Fuddland
Every now and then I get to hold an open “Culture” class in which I choose some aspect of foreign culture around which to shape discussion activities. Since yesterday’s class fell on the eleventh of the eleventh, I took the opportunity to introduce the students to the idea of a Remembrance Day.
I’ve always found it quite surprising that China does not have an official day with the same notion of remembering those who have sacrificed themselves for their country—the closest they come is the festival of Qingming Jie, but that’s primarily to remember ancestors, and not specifically about fallen soldiers—so after giving them a run-down of the ceremonies and traditions of our version, I asked them to come up with their own: when it should be, and what events should take place. Here are the suggestions of appropriate dates:
April 6: the day after Qingming Jie, in order to get two days off work in a row
September 18: the date of the Mukden Incident, when a railroad in Japanese-occupied modern-day Shenyang was dynamited, allegedly by Japanese militarists as a pretext to full-blown war
July 7: the official date of the beginning of the Second Sino-Japanese War in 1937
December 13: the anniversary of the Nanjing Massacre in 1937, during which tens of thousands of civilians and prisoners of war were murdered [estimates range from 100,000 to 300,000 people] at the hands of Japanese soldiers
As for the events, as well as the universal idea of a period of silence [suggestions ranged from one to three minutes], floral wreaths, monuments and so forth, and even though I am aware of the general feelings towards the Land of the Rising Sun, I was slightly taken aback by this idea from one softly-spoken, generally-amiable student:
We should invite the Prime Minister of Japan, tell him to kneel down and cut open his own stomach.

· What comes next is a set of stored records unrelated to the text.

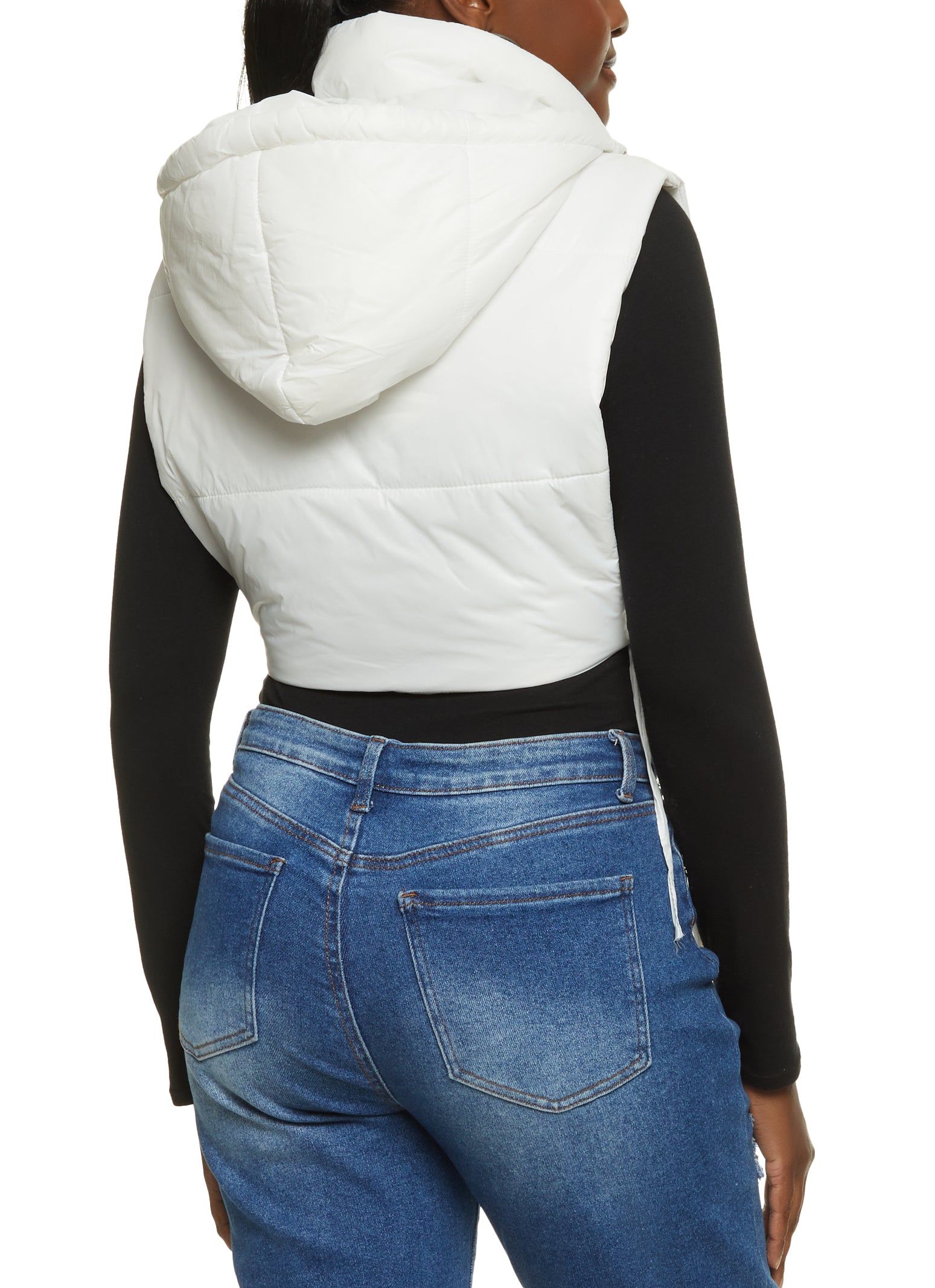 Side Tie Cropped Hooded Puffer Vest sold by Rainbow product image thumbnail 2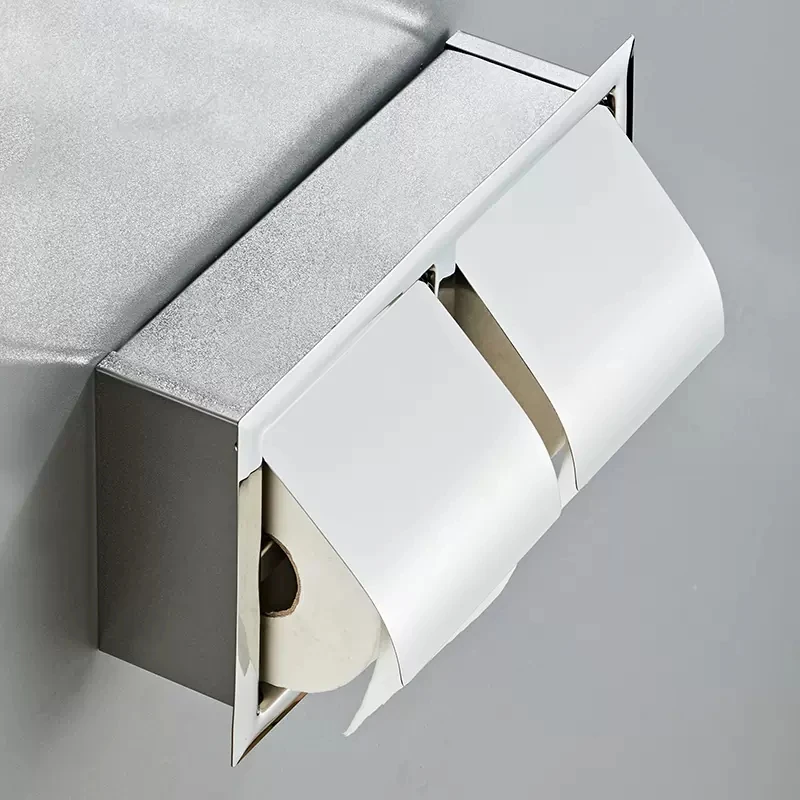 304 Stainless Steel Bathroom Paper Towel Holder Recessed Dark Roll Paper Box Hotel Toilet Tissue Box Holder Rose Gold/Gold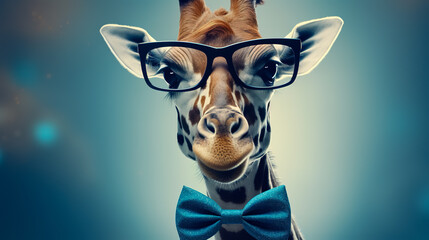 Image of giraffe wearing glasses and blue bow tie.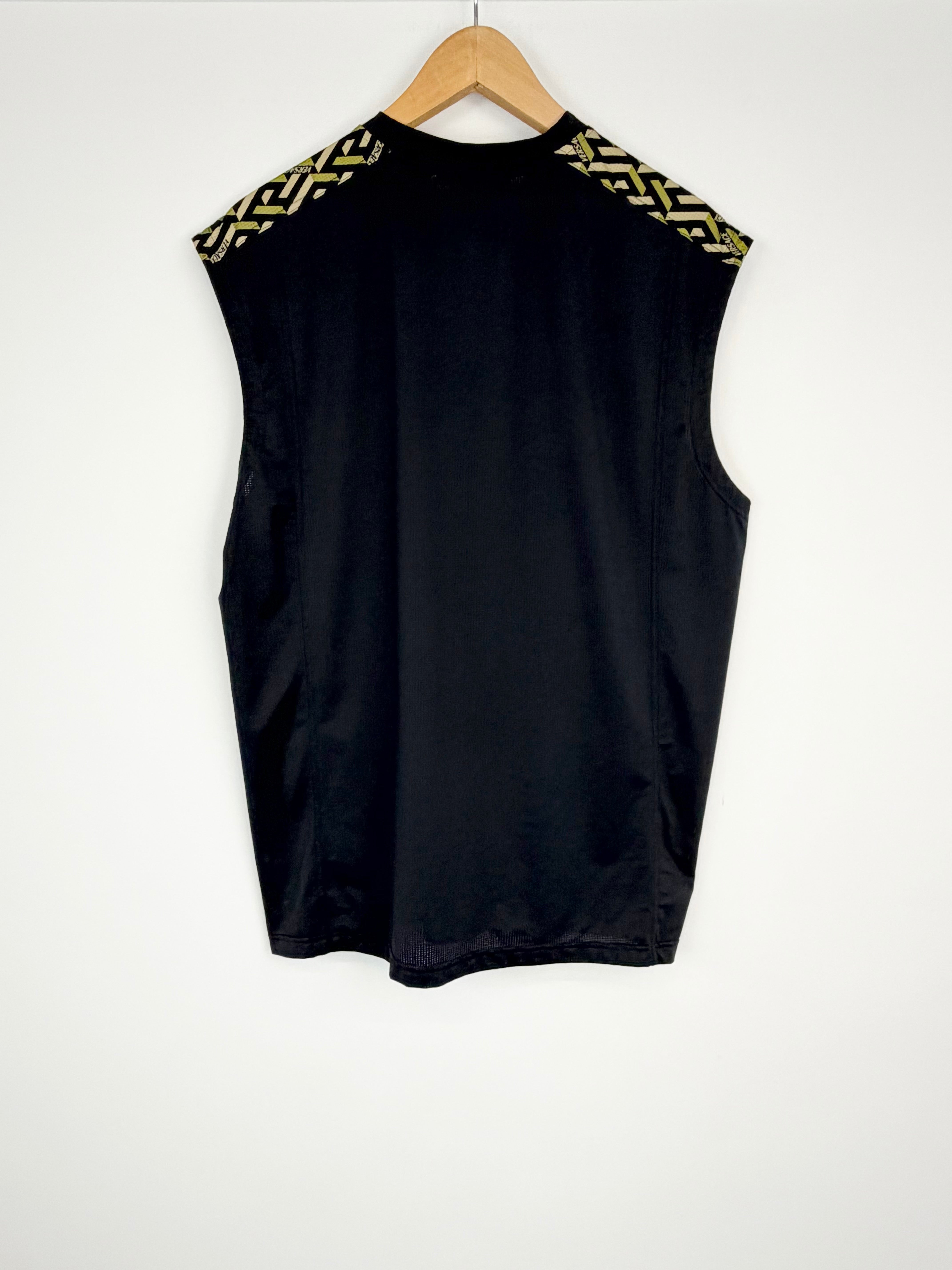 Versace Black & Green Embellished Gym Wear Tank Top - L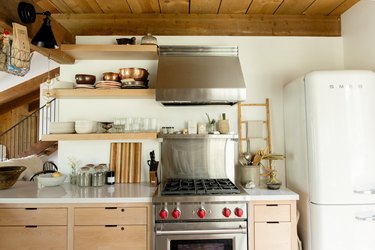 extra kitchen storage ideas - hanging wire baskets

This pretty much sums up the feelings that many Chinese still have towards the Japanese today; the above student wasn’t at all shy about his desires, nor were his classmates in the least bit shocked—in fact, surveys indicate that the current generation harbours much stronger feelings than those that actually witnessed the atrocities. It’s widely known that schools teach children from an early age about the “humiliations” China has suffered at the hands of the Japanese over the centuries, although some of the other students were more open and suggested they could invite “some friendly Japanese people”. I tried to get them to focus more on the commemorating-the-fallen aspect, but some feelings are more deeply ingrained than a single hour-long class can placate.
Comments
Thane | 2008 / 11 / 21 – 14:04
Q: What do history and money have in common?
A: Both cause loss of rationality in humans.